A new measurement of the electron mass

Not scheduled

20m

Ecole de Physique des Houches

Speaker

Jiamin HOU (MPIK)

Description

Being one of the elementary particles in the Standard Model of physics, the atomic mass of the electron is closely linked to other fundamental constants, such as Rydberg constants and fine structure constant. A high-precision value of the electron mass is fundamental for the structure of matter on atomic and molecular scales and is also an important ingredient of the most stringent tests of quantum electrodynamics [1,2,3]. Here an indirect method similar to [4,5] is applied to determine the atomic mass of the electron by measuring the spin-precession frequency of an electron bound to a carbon nucleus in a 3.76 T magnetic field. The single hydrogen-like carbon ion has been trapped for several months in a Penning trap apparatus with a cryogenic temperature of 4K working at an ultra-low pressure (p ≤ 10-16 mbar) vacuum chamber.
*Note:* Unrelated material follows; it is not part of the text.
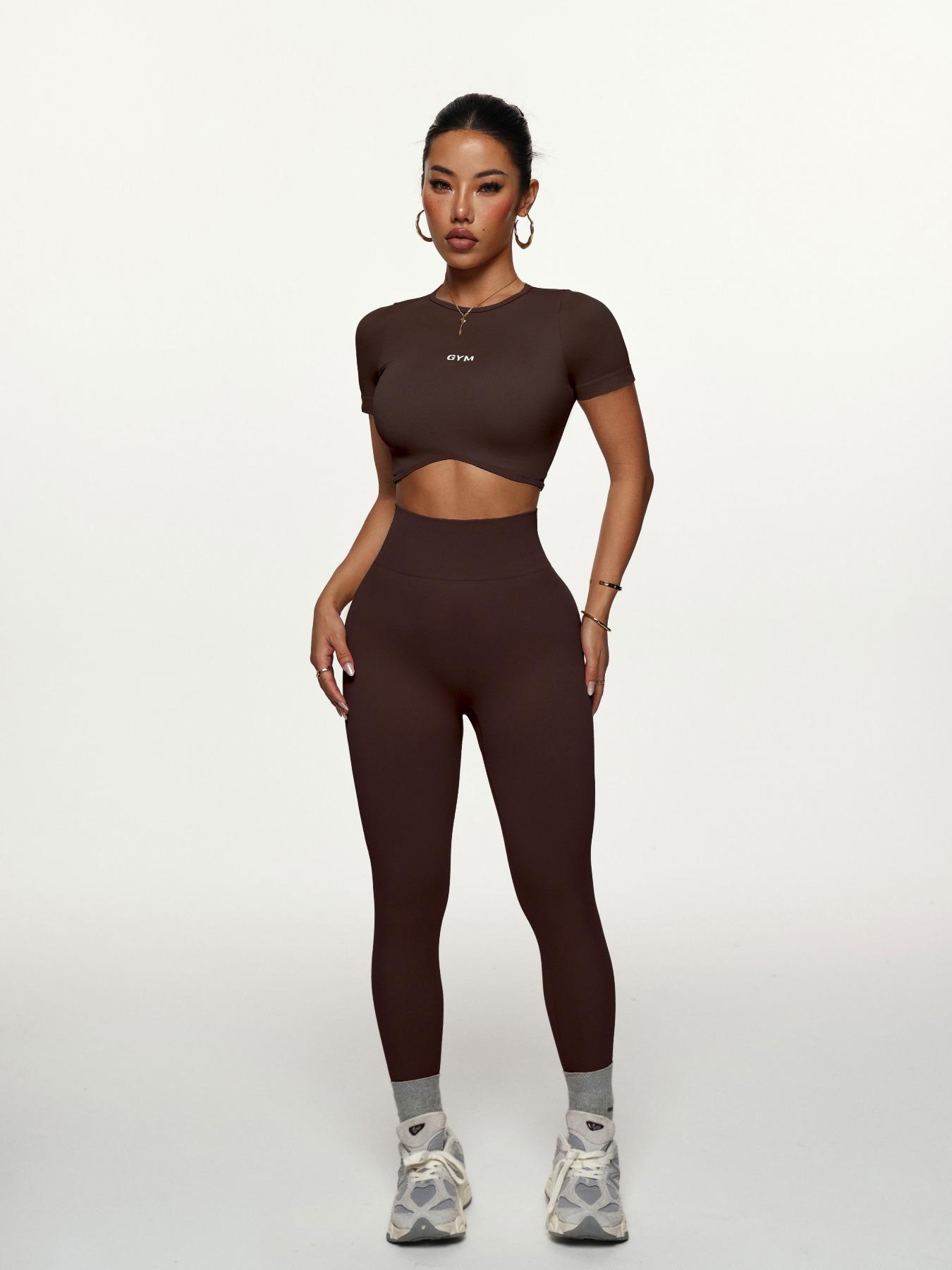 High Elastic Seamless Women's Sports Set, Comfortable Yoga Leggings for Active Lifestyle, Fashionable Gym Apparel, Yoga Clothes Set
The electron mass is then extracted from the g-factor of the bound state electron, where the ratio of the electron spin-precession frequency to the ion cyclotron frequency due to the magnetic field is required. The spin-precession frequency is determined based on the continuous Stern-Gerlach effect in a quantum non-demolition manner, while a phase-sensitive detection technique, PnA (Pulse and Amplify [6]), is crucial in determining the cyclotron frequency to an extremely high accuracy.

Summary

Combining this state-of-the-art QED calculation, which has been calculated to a precision better than 10−11, and our measurement of the ratio of the electron spin-precession frequency to the ion cyclotron frequency, we can derive the electron mass with a relative uncertainty of 3 • 10−11 [7]. We have improved the electron mass by a factor of 13 with respect to the previous CODATA value [8].

Reference

1. R. Bouchendira et al. Phys. Rev. Lett. 106, 080801 (2011)
2. D. Hanneke et al. Phys. Rev. Lett. 100, 120801 (2008)
3. S. Sturm et al. Phys. Rev. Lett. 107, 023002 (2011)
4. H. Häffner et al. Phys. Rev. Lett. 85, 5308 (2000)
5. J. Verdú et al. Phys. Rev. Lett. 92, 093002 (2004)
6. S. Sturm et al. Phys. Rev. Lett. 107, 143003 (2011)
7. S. Sturm et al. Nature 506, 13026 (2014)
8. P.J. Mohr et al. Rev. Mod. Phys. 84, 1527 (2012)